Weather, travel mode choice, and impacts on subway ridership in Beijing

Document Type

Journal Article

Publication Date


Subject Area

place - asia, place - urban, mode - subway/metro, ridership - mode choice, ridership - behaviour, ridership - demand, planning - surveys


Weather, Travel mode choice, Subway ridership, Non-linear relationship


Understanding the impact of weather on travel behavior provides insight into building a reliable and resilient transport system. This study uses a survey on residents and subway ridership data from 2014 to 2018 in Beijing to explore the relationship between weather and travel behavior. The results indicate that extreme weather events can affect recreational travel greatly, reduce travel demand, and change travel modes as well. The respondents are inclined to choose subway or cars rather than buses and bicycles under inclement weather days. The analysis of subway ridership confirms that weekends’ trips are more sensitive to weather conditions. Monthly temperature change shows a bigger effect on ridership than daily temperature change.
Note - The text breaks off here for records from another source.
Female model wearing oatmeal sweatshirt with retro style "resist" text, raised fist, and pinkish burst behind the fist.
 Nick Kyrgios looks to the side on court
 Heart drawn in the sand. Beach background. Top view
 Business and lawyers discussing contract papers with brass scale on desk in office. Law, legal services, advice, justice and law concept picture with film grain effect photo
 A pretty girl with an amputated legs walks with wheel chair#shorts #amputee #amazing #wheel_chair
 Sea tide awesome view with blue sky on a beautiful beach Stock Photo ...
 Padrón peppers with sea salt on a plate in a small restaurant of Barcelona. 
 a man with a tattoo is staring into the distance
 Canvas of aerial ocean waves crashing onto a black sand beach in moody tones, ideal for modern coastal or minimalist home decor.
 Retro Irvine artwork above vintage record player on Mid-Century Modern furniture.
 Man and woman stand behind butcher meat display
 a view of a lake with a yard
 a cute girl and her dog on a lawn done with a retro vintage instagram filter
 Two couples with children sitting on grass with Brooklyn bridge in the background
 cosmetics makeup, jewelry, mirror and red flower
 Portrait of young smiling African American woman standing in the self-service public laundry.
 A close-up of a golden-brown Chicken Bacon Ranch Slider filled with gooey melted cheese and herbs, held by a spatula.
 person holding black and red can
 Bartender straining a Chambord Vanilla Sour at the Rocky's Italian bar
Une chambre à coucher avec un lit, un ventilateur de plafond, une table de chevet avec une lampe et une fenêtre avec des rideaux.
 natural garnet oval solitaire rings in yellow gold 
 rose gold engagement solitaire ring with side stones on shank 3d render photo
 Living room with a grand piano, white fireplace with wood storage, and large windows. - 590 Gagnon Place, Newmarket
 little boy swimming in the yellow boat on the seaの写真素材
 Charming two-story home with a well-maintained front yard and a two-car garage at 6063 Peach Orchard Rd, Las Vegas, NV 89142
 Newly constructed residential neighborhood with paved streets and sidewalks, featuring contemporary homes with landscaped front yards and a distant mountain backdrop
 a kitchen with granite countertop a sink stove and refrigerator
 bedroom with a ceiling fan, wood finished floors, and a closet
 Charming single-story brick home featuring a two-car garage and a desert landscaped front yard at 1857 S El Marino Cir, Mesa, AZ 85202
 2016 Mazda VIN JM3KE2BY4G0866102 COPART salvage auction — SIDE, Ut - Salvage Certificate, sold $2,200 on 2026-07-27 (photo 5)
A one-degree increase in effective temperature increases ridership by about 0.5% on weekends, while heavy rain reduces ridership by about 8%. Wind speed and air pollution show significantly negative but small effects on ridership on weekends. Besides, there is a non-linear relationship between temperature and ridership on weekends. These findings suggest that subway is less vulnerable to inclement weather and can be complementary to other travel modes. However, prevention measures are necessary for the subway system to face threats from heavy rain.